# Goal of the exercise:
Please transcribe exactly, and only, the lines of the data below between the line holding "Jacket - Ukraine" and the line holding "Poster dressing room", inclusive.

# The data:
=== Section Start ===
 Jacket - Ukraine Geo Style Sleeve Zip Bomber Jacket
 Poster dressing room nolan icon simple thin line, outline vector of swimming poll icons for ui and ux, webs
=== Section End ===
=== Section Start ===
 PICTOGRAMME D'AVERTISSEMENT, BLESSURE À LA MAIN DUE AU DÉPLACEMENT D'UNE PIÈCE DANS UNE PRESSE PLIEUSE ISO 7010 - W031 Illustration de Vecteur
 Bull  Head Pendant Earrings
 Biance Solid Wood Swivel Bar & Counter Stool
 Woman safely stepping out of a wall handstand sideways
=== Section End ===
=== Section Start ===
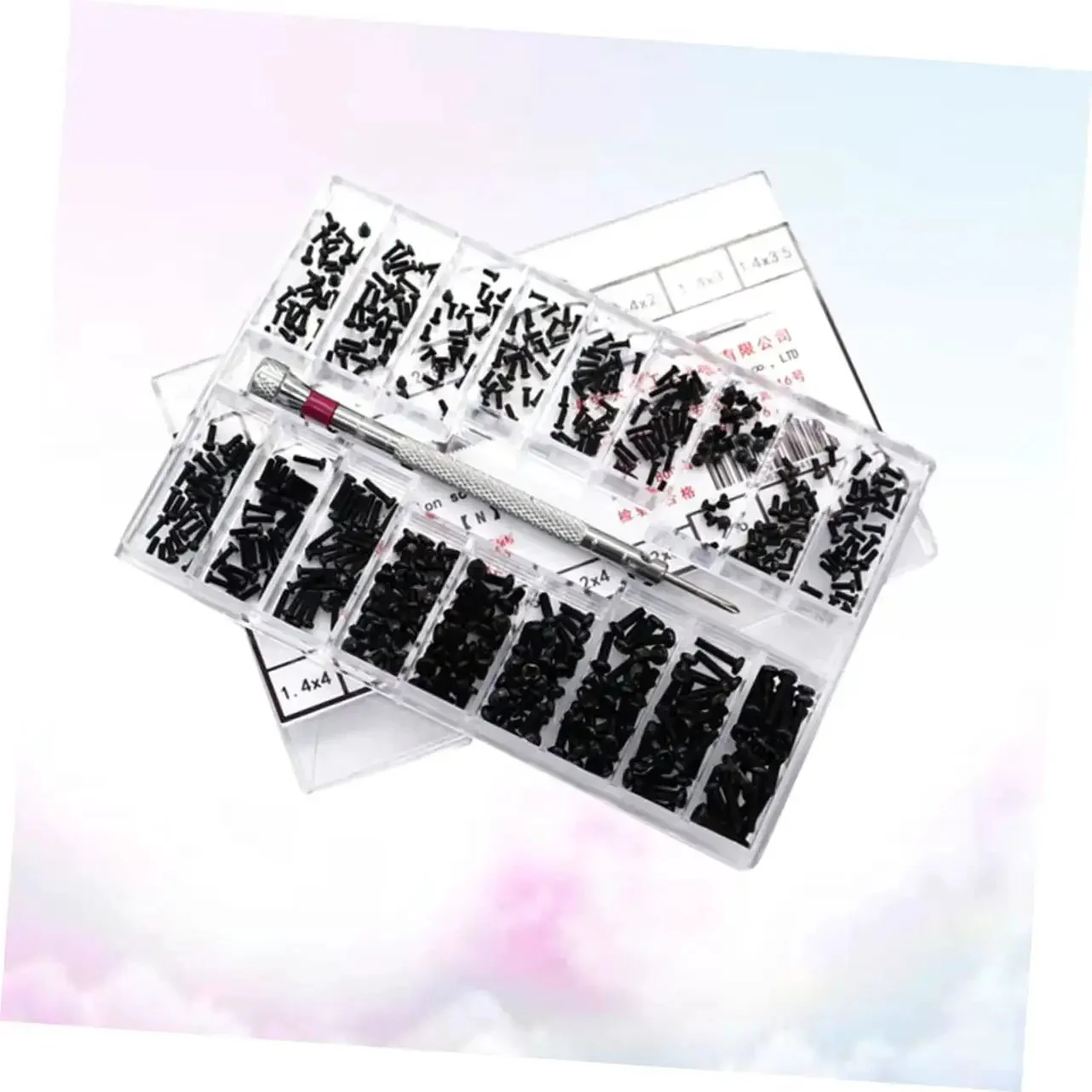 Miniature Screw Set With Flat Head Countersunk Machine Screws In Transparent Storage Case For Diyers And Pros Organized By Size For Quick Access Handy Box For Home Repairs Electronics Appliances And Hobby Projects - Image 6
=== Section End ===
# Response box:
 Jacket - Ukraine Geo Style Sleeve Zip Bomber Jacket
 Poster dressing room nolan icon simple thin line, outline vector of swimming poll icons for ui and ux, webs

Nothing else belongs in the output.